Multi-component removal of Pb(II), Cd(II), and As(V) over core-shell structured nanoscale zero-valent iron@mesoporous hydrated silica

Abstract

The application of nanomaterials for the removal of heavy metals has received a great deal of attention because of their high efficiencies in the environment. But it is difficult to remove multiple heavy metals simultaneously with high efficiency and stability. Herein, the core-shell structured nanoscale zero-valent iron (nZVI) encapsulated with mesoporous hydrated silica (nZVI@mSiO2) were prepared for efficient removal of heavy metals including Pb(II), Cd(II), and metalloid As(V). The material prepared uniformly with a high surface area (147.7 m2 g−1) has a nZVI core with the particle size of 20–60 nm and a modified dendritic mesoporous shell of 19 nm. 0.15 g L−1 of the optimal material exhibited an extraordinary performance on removing Cd(II) and the maximum adsorption capacity for Pb(II), Cd(II), and As(V) reached 372.2 mg g−1, 105.2 mg g−1, and 115.2 mg g−1 with a pH value at 5.0, respectively.
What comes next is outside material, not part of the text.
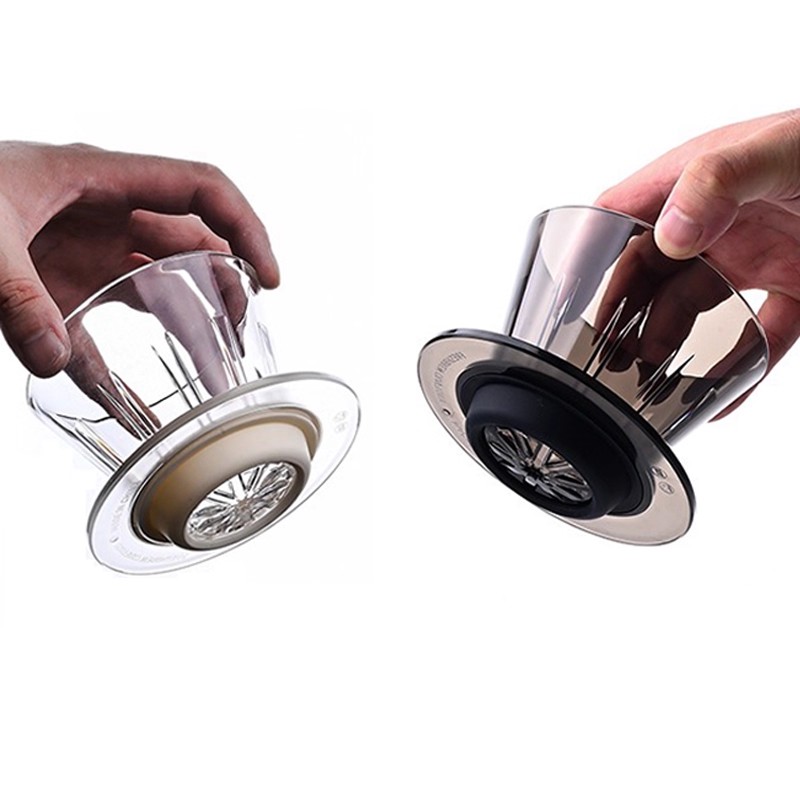 归墟滤杯 咖啡萃取手冲185滤纸平底家用滤杯漏斗滤壶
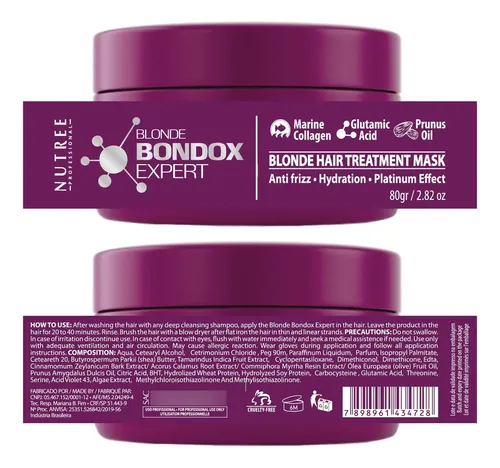 Mascarilla Capilar Nutree Professional Blonde Bondox 83 Ml C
The dissolved iron during the reaction showed that the mesoporous silica (mSiO2) played an important role in enhancing the stability of nZVI. In addition, the competitive relationship between the coexistence of two heavy metals was discussed and it was found that the removal efficiency of the material for both was improved when Cd(II) and As(V) were removed synergistically.